Authorities had reportedly banned the march this year as it coincides with the holy month of Ramadan

Siobhan Fenton
Sunday 19 June 2016 17:56 BST
Activists say police have broken up the parade and detained 11 people
Activists say police have broken up the parade and detained 11 people (Twitter)

Turkish police have broken up a trans pride march in Istanbul, a leading human rights group have claimed.

Amnesty International Turkey says activists were marching this afternoon when police challenged them and insisted they disperse. They claim 11 people have been detained by police.

On the group’s social media accounts they said the march is not being allowed to continue in the city and that negotiations with authorities are on-going.

Videos posted to Twitter appear to show police officers moving towards crowds to form ranks around streets and block participants from continuing in their planned route.

Although LGBT communities are not criminalised in Turkey, many say discrimination continues to affect their lives in the majority Muslim country where homophobia prevails among some sections of society.

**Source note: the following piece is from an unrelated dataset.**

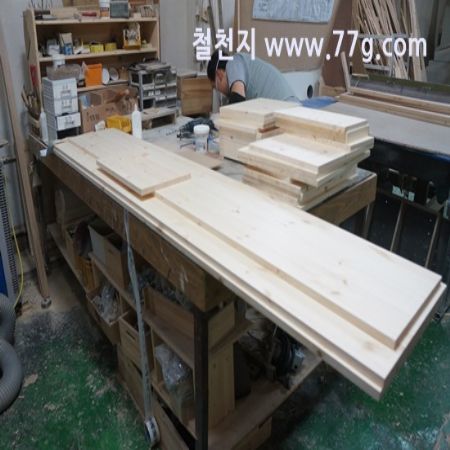 홍송을 이용한 거실장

Earlier this week, authorities in Istanbul banned trans and gay pride marches from taking place, citing security concerns and arguing the state could not guarantee public order if the marches went ahead.

The trans pride march taking place today is an annual event and the annual gay pride march is due to take place on 26 June.

A far-right group ‘Alperen Hearths’ issued a warning that it would not tolerate the marches, saying: “To our state officials: do not make a deal with us. Either do what is needed or we will do it. We will take any risks, we will directly prevent the march.”

Last year, police forcibly prevented LGBT marches from taking place, using water cannon to disperse the crowds.

The state argued that the march coincided with the holy month of Ramadan and was therefore inappropriate, as it also falls this year.